__Input__.

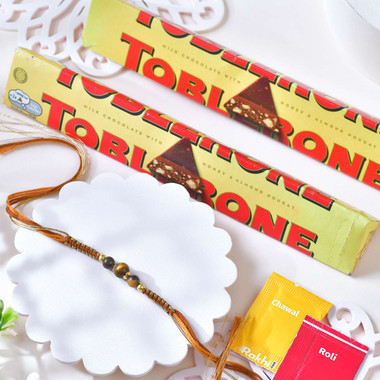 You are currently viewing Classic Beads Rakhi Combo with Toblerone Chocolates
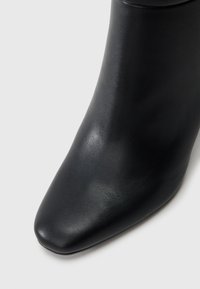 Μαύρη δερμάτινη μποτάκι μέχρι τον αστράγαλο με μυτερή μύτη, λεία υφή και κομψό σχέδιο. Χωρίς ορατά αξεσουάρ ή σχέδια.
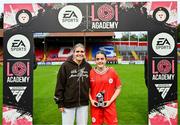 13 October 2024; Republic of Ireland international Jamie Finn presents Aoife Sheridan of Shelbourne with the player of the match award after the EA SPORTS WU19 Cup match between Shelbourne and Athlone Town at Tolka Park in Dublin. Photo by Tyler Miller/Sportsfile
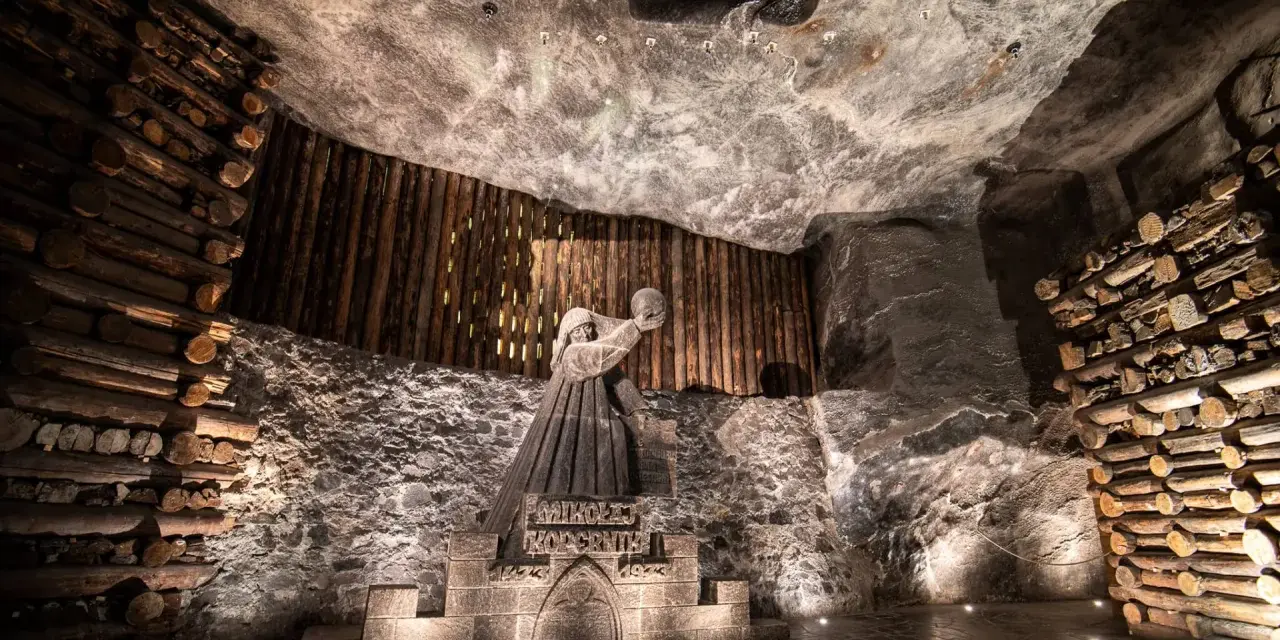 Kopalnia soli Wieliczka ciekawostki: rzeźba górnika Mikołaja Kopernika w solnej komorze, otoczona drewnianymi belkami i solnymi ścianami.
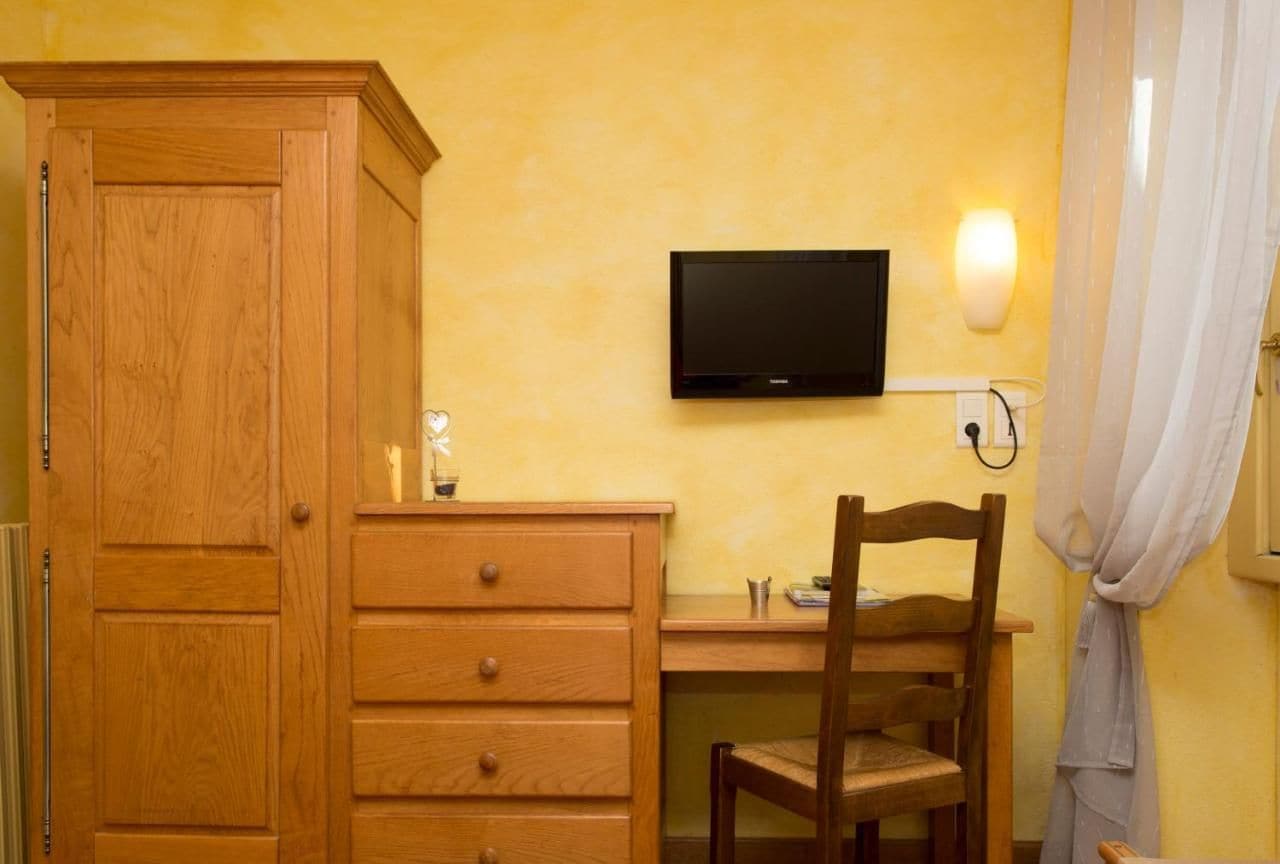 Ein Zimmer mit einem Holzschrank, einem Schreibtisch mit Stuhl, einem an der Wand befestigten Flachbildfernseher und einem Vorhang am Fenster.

__Your assignment__. Please copy every record above exactly, but leave the pictures out.

__Reply__.
 You are currently viewing Classic Beads Rakhi Combo with Toblerone Chocolates
 Μαύρη δερμάτινη μποτάκι μέχρι τον αστράγαλο με μυτερή μύτη, λεία υφή και κομψό σχέδιο. Χωρίς ορατά αξεσουάρ ή σχέδια.
 13 October 2024; Republic of Ireland international Jamie Finn presents Aoife Sheridan of Shelbourne with the player of the match award after the EA SPORTS WU19 Cup match between Shelbourne and Athlone Town at Tolka Park in Dublin. Photo by Tyler Miller/Sportsfile
 Kopalnia soli Wieliczka ciekawostki: rzeźba górnika Mikołaja Kopernika w solnej komorze, otoczona drewnianymi belkami i solnymi ścianami.
 Ein Zimmer mit einem Holzschrank, einem Schreibtisch mit Stuhl, einem an der Wand befestigten Flachbildfernseher und einem Vorhang am Fenster.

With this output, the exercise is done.